All lines from the one with "گێڕومەکینەواکسل به شەرت" through the end of the records below are to be given again exactly, and nothing else.

━━━━━ Supplied records

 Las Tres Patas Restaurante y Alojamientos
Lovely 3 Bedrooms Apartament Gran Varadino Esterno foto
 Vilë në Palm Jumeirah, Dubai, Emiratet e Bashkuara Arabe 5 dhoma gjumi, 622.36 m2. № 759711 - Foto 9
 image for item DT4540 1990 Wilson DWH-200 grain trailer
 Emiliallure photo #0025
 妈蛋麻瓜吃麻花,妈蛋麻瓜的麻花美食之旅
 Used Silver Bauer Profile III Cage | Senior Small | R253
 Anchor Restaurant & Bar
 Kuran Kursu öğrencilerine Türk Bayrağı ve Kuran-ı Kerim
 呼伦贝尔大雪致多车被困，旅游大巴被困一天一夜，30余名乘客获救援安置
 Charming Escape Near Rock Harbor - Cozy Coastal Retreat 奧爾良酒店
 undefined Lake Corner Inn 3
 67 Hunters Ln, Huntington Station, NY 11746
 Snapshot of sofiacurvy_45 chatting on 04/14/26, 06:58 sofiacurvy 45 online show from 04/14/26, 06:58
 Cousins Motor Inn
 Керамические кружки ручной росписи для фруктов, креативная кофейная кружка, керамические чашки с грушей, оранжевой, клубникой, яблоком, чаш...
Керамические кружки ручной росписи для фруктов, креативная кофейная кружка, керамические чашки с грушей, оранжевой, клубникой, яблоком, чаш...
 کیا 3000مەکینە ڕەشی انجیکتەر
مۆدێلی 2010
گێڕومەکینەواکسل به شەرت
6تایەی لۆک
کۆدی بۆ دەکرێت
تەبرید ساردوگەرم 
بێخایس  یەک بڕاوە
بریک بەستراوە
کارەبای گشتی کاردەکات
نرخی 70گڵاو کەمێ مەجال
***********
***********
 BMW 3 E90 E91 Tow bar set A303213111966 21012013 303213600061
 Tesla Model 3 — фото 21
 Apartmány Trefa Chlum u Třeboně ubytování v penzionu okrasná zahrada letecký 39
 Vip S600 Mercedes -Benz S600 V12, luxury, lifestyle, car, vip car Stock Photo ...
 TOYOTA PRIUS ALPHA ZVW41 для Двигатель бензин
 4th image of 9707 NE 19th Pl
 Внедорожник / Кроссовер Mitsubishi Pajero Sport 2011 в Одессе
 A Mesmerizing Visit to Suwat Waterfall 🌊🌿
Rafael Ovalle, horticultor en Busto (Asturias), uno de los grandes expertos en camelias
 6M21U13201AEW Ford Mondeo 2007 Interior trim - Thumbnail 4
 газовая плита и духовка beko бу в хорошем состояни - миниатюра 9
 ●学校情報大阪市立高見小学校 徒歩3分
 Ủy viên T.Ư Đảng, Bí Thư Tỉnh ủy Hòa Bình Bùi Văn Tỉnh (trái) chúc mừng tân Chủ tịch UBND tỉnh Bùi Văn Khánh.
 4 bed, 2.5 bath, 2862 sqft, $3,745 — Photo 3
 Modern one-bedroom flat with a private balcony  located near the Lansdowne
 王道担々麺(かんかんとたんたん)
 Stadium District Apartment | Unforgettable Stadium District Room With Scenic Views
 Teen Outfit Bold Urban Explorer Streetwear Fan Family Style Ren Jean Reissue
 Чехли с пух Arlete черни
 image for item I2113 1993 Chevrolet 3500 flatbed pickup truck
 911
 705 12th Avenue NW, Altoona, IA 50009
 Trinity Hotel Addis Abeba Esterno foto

━━━━━━━━━━

Output
گێڕومەکینەواکسل به شەرت
6تایەی لۆک
کۆدی بۆ دەکرێت
تەبرید ساردوگەرم 
بێخایس  یەک بڕاوە
بریک بەستراوە
کارەبای گشتی کاردەکات
نرخی 70گڵاو کەمێ مەجال
***********
***********
 BMW 3 E90 E91 Tow bar set A303213111966 21012013 303213600061
 Tesla Model 3 — фото 21
 Apartmány Trefa Chlum u Třeboně ubytování v penzionu okrasná zahrada letecký 39
 Vip S600 Mercedes -Benz S600 V12, luxury, lifestyle, car, vip car Stock Photo ...
 TOYOTA PRIUS ALPHA ZVW41 для Двигатель бензин
 4th image of 9707 NE 19th Pl
 Внедорожник / Кроссовер Mitsubishi Pajero Sport 2011 в Одессе
 A Mesmerizing Visit to Suwat Waterfall 🌊🌿
Rafael Ovalle, horticultor en Busto (Asturias), uno de los grandes expertos en camelias
 6M21U13201AEW Ford Mondeo 2007 Interior trim - Thumbnail 4
 газовая плита и духовка beko бу в хорошем состояни - миниатюра 9
 ●学校情報大阪市立高見小学校 徒歩3分
 Ủy viên T.Ư Đảng, Bí Thư Tỉnh ủy Hòa Bình Bùi Văn Tỉnh (trái) chúc mừng tân Chủ tịch UBND tỉnh Bùi Văn Khánh.
 4 bed, 2.5 bath, 2862 sqft, $3,745 — Photo 3
 Modern one-bedroom flat with a private balcony  located near the Lansdowne
 王道担々麺(かんかんとたんたん)
 Stadium District Apartment | Unforgettable Stadium District Room With Scenic Views
 Teen Outfit Bold Urban Explorer Streetwear Fan Family Style Ren Jean Reissue
 Чехли с пух Arlete черни
 image for item I2113 1993 Chevrolet 3500 flatbed pickup truck
 911
 705 12th Avenue NW, Altoona, IA 50009
 Trinity Hotel Addis Abeba Esterno foto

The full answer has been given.